HMS Cruizer (1852) explained

HMS Cruizer was a 17-gun wooden screw sloop, the name-ship of the of the Royal Navy, launched at the Royal Dockyard, Deptford in 1852. The spelling of her name was formally altered to HMS Cruiser in 1857. She became a sail training vessel in 1872 and was renamed HMS Lark. She was eventually sold for breaking in 1912.

History

Her first years of service were spent on the China station, during which a party of her crew took part in the Battle of Fatshan Creek in 1857. Her commander, Charles Fellowes, was the first man over the walls of Canton when the city was taken,[1] and the ship saw further action in China, including the attack on the Taku Forts on the Hai River in 1858.

On 20 November 1858, she was in the company of Her Majesty's Ships Furious, Retribution, Dove, and Lee.

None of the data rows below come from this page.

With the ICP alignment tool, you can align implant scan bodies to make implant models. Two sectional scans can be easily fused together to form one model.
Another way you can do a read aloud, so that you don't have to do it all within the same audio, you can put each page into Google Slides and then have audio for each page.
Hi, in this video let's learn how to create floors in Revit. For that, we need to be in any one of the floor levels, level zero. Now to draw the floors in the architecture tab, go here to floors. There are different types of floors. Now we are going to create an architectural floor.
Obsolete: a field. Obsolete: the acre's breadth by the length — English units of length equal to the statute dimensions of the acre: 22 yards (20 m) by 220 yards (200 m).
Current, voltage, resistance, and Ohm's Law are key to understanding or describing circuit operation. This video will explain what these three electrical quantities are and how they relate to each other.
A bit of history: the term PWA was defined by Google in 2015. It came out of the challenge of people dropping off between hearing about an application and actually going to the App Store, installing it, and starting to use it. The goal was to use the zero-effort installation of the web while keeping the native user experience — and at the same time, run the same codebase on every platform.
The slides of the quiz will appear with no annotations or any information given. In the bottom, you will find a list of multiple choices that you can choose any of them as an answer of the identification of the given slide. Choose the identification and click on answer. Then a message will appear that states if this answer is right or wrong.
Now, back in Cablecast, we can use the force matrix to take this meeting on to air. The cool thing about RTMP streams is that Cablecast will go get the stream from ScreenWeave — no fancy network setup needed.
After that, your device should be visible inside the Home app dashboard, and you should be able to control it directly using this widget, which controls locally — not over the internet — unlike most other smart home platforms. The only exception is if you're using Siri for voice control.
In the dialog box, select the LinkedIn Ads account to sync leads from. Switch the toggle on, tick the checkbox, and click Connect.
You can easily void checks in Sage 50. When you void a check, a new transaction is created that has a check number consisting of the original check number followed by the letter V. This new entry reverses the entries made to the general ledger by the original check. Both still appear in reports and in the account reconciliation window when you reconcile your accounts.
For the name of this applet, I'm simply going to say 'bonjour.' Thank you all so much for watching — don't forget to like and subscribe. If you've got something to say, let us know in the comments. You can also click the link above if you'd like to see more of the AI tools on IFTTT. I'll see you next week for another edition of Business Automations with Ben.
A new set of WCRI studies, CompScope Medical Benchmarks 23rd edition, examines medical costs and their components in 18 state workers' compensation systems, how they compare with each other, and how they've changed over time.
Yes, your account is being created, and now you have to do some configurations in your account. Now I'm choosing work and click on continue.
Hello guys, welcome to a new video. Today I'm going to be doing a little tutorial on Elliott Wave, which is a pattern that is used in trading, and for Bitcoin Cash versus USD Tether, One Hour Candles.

The squadron were conveying the Earl of Elgin on the Yangtze River, when they had to engage with the Taiping rebels at Nanjing.[2]

In 1860, under the command of John Bythesea, she surveyed the Bohai Sea to prepare moorings for the Allied fleet to disembark troops for the advance on Beijing.

Cruiser was laid up in England in 1867, before being recommissioned for the Mediterranean station.

Disposal

In 1872, having had her guns and engine removed, she became a sail training ship and was renamed Lark, in which capacity she served until at least 1903. She was finally sold for breaking up at Malta in 1912.